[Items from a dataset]
* * * *

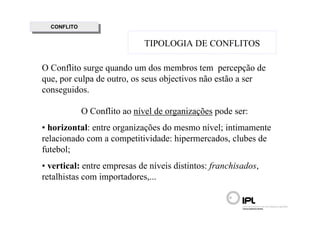 CONFLITO
   CONFLITO

                               TIPOLOGIA DE CONFLITOS

O Conflito surge quando um dos membros tem percepção de
que, por culpa de outro, os seus objectivos não estão a ser
conseguidos.

              O Conflito ao nível de organizações pode ser:
• horizontal: entre organizações do mesmo nível; intimamente
relacionado com a competitividade: hipermercados, clubes de
futebol;
• vertical: entre empresas de níveis distintos: franchisados,
retalhistas com importadores,...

* * * *

• **What you have to do**
Beginning with the first line of the entries above, repeat each line word for word until the line with "mesmo nível; intimamente" has been given too. Omit the pictures.

• **Solution to the exercise**
 CONFLITO
   CONFLITO

                               TIPOLOGIA DE CONFLITOS

O Conflito surge quando um dos membros tem percepção de
que, por culpa de outro, os seus objectivos não estão a ser
conseguidos.

              O Conflito ao nível de organizações pode ser:
• horizontal: entre organizações do mesmo nível; intimamente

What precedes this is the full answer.